[Excerpted data]

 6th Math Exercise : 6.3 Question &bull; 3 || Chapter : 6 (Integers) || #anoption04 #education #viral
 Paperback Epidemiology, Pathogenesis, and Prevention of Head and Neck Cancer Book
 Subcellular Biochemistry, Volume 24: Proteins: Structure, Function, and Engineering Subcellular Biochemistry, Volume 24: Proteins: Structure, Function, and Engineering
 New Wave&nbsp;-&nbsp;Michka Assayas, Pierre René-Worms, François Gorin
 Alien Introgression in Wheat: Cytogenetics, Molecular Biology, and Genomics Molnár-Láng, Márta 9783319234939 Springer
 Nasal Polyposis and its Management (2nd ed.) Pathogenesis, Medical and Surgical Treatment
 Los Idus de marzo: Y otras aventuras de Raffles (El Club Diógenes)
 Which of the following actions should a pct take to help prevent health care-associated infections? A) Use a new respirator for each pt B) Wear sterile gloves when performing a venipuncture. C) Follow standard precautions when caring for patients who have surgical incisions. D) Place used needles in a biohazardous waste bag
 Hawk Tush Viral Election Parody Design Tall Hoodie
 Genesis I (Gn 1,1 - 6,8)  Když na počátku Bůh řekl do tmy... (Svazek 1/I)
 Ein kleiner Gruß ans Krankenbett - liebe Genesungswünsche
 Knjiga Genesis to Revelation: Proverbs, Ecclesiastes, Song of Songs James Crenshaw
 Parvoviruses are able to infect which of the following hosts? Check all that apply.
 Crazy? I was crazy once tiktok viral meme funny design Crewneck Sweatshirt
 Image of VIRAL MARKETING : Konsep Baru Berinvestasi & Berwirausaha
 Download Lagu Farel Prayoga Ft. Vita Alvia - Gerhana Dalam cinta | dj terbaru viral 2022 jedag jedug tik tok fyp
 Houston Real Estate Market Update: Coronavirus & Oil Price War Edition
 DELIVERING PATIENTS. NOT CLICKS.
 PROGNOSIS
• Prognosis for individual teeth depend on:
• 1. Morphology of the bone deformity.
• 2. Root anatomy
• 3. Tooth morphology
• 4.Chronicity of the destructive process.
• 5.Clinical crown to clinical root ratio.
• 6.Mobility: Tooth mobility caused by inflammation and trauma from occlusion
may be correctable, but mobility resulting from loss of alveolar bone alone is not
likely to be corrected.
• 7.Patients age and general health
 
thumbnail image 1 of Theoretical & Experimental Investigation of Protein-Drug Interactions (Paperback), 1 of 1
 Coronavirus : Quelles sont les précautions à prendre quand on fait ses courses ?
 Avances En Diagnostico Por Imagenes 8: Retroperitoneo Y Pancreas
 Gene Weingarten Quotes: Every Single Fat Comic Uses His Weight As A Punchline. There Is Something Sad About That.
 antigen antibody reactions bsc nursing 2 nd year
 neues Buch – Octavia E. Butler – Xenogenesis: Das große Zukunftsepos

[/Excerpted data]

• _Your instructions_
Could you filter the entries above for lines holding the string "Paperback" and copy them?

• _Solution for this exercise_
 Paperback Epidemiology, Pathogenesis, and Prevention of Head and Neck Cancer Book
thumbnail image 1 of Theoretical & Experimental Investigation of Protein-Drug Interactions (Paperback), 1 of 1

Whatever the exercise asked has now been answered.